Auf dem Land wie in der Stadt: Immer mehr Gläubige treten aus der Kirche aus. Das Foto zeigt das Gotteshaus St. Johann Baptist in Holzhausen (Gemeinde Münsing). © Hans Lippert

Der Trend hält an: Wegen der aktuell vielen Kirchenaustritte haben die Standesämter im Landkreis Bad Tölz-Wolfratshausen alle Hände voll zu tun.

Bad Tölz-Wolfratshausen – Die Zahl der Kirchenaustritte ist nach wie vor hoch. Nach der Veröffentlichung des Gutachtens zu sexuellem Missbrauch in der katholischen Kirche Ende Januar gab es wie berichtet auch im Landkreis eine Flut an Austrittserklärungen. Schon jetzt können die Standesämter der Städte und Gemeinden, die für das Abmelden zuständig sind, sagen: So viele Bürger wie 2022 kehrten der Kirche wohl noch nie den Rücken.

Bad Tölz-Wolfratshausen: Standesämter müssen viele Kirchenaustritte bearbeiten

„Unser Standesamt ist überdurchschnittlich gebucht“, berichtet Thomas Loibl, Pressesprecher der Stadt Geretsried auf Nachfrage unserer Zeitung. Dort muss man vorab einen Termin vereinbaren. Bis zum 18. Februar verzeichnete das Standesamt für Geretsried 29 Austritte aus der katholischen und sieben aus der evangelischen Kirche. In Dietramszell waren es vier (evangelisch null), in Icking acht (evangelisch null), in Königsdorf drei (evangelisch einer) und in Münsing acht (evangelisch null). Es ist also nicht so, dass die Gläubigen auf dem Land den Schritt eher scheuen als in der Stadt. Johanna Deißer, Standesbeamtin in Egling, hat bisher 27 Austrittsbescheinigungen ausgestellt. „Das ist sehr viel. Im gesamten Jahr 2021 waren es 57“, sagt sie.

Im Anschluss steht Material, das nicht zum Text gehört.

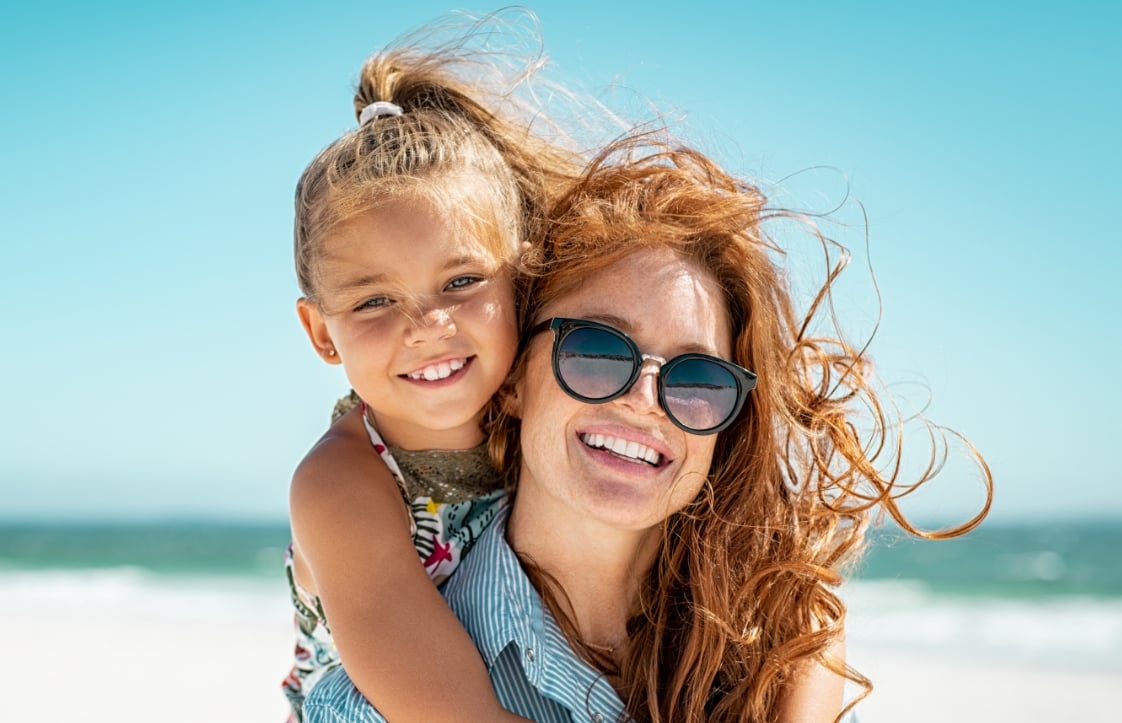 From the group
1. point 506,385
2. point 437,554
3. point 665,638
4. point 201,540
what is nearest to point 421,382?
point 506,385

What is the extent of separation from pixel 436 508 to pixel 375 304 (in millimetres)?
656

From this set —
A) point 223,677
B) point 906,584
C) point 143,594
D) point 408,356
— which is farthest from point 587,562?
point 143,594

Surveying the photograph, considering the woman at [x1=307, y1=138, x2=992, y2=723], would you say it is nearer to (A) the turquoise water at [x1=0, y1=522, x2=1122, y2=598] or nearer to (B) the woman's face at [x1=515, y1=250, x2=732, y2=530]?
(B) the woman's face at [x1=515, y1=250, x2=732, y2=530]

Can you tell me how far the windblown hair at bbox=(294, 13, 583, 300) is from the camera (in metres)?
2.90

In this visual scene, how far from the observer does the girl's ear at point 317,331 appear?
324cm

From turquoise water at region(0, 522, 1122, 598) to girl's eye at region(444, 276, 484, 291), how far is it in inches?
579

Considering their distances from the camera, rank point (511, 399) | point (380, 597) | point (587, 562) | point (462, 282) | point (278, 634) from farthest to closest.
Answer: point (278, 634)
point (511, 399)
point (462, 282)
point (587, 562)
point (380, 597)

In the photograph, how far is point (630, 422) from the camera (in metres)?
2.70

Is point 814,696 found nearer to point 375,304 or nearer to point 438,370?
point 438,370

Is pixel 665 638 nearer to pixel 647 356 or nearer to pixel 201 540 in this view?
pixel 647 356

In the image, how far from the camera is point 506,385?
3066 millimetres

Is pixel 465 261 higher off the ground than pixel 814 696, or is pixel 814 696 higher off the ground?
pixel 465 261

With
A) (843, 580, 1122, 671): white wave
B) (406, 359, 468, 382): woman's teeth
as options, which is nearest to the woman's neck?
(406, 359, 468, 382): woman's teeth

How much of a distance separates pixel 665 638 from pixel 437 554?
713 millimetres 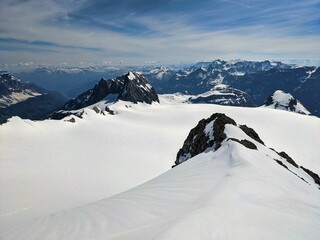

Nicht alle hätten sich heuer jedoch wegen des Missbrauchsskandals von der Kirche abgewandt. Nach Heilig-Dreikönig sei ein erster Schwung gekommen. Die Sternsinger hätten wegen der Corona-Pandemie und der damit verbundenen Abstandsregeln die Kollekte mit einem zwei Meter langen Stock an den Haustüren einsammeln müssen. Das habe viele gestört. Generell sei die Ausübung des Glaubens durch Corona stark eingeschränkt, hätten Bürger ihr gegenüber beklagt, sagt Deißer.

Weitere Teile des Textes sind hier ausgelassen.